Paris, 30 mai 1839, deux heures après midi.


Ma chère maman,

Je serais inquiet de votre long silence si la bonne Henriette que je viens de quitter, ne m’avait rassuré sur votre compte, en m’apprenant que vous étiez à Guingamp, durant l’absence de mon oncle et de ma tante Forestier qui, comme je le vois, ont fait un voyage au long cours. Henriette m’a fait espérer de voir mon oncle ces jours-ci ; il y a déjà quelques jours qu’il parut à Paris, mais comme un éclair, en sorte que je ne pus le voir ; mais comme cette fois il doit faire un séjour de quelques jours dans la capitale, j’espère avoir le plaisir bien précieux pour moi de voir ce bon oncle, dont je n’oublierai jamais les bontés. Mon paquet de lettres partira par son occasion.
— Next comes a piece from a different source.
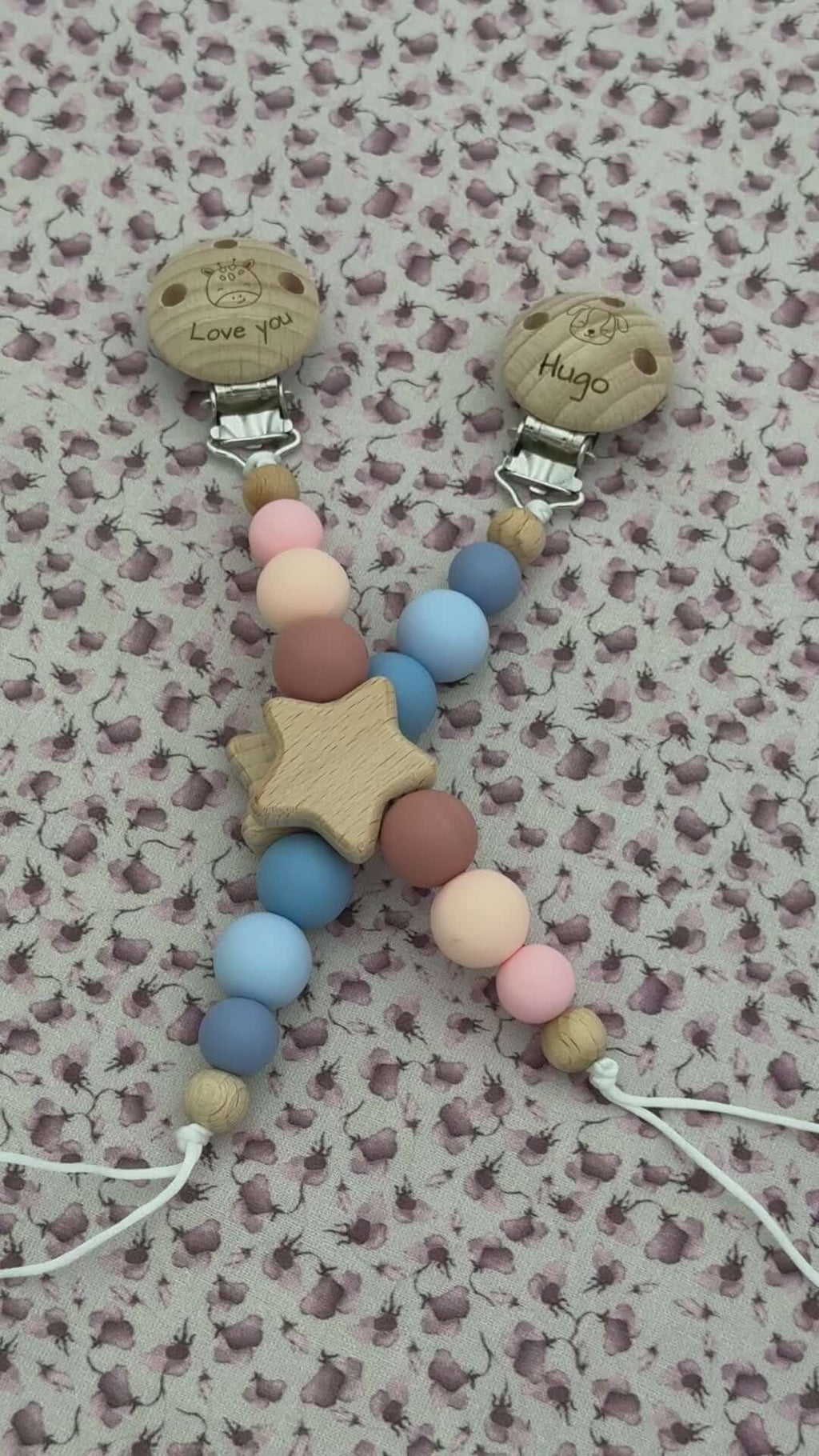 Portaciuccio Personalizzato con Nome in Legno e Silicone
Il approche, ma chère maman, le jour où il me sera permis de vous embrasser et de revoir ma chère Bretagne. Dans un mois, je serai presque à la veille de mon départ. Ah ! ma chère maman, quel bonheur pour vous et moi, car je sais combien vous aimez à nous revoir, hélas ! après une trop longue séparation. Ce temps s’écoulera bien vite, ma très chère maman, car maintenant les compositions des prix vont m’occuper, les grandes promenades vont être multipliées, les fêtes sont assez nombreuses, enfin il me semble que je suis déjà à la veille de vous voir. Il ne reste plus à régler que la manière dont je me rendrai près de vous. J’attends vos ordres dans votre prochaine lettre. En allant par la Normandie, j’aurais le plaisir de faire une nouvelle route, et surtout, ce qui est infiniment au-dessus, j’aurais le bonheur de voir mon cher Alain en passant par Saint-Malo, mais la difficulté serait d’aller de Saint-Malo à Tréguier. En allant par la route ordinaire, c’est-à-dire par Rennes, j’aurais une route bien plus directe, et moins coûteuse, mais je ne verrais pas mon bon frère. Le Monsieur dont je vous ai parlé, et qui est de Bretagne, ira peut-être visiter son pays natal, vous sentez combien il serait précieux pour moi de l’avoir pour Mentor durant mon voyage, mais je crois qu’il ira par les bords de la Loire et par Nantes. Enfin, ma chère maman, arrangez tout cela pour le mieux, et en même temps ne vous gênez pas trop pour moi, car vous sentez que cela empoisonnerait bien mon bonheur.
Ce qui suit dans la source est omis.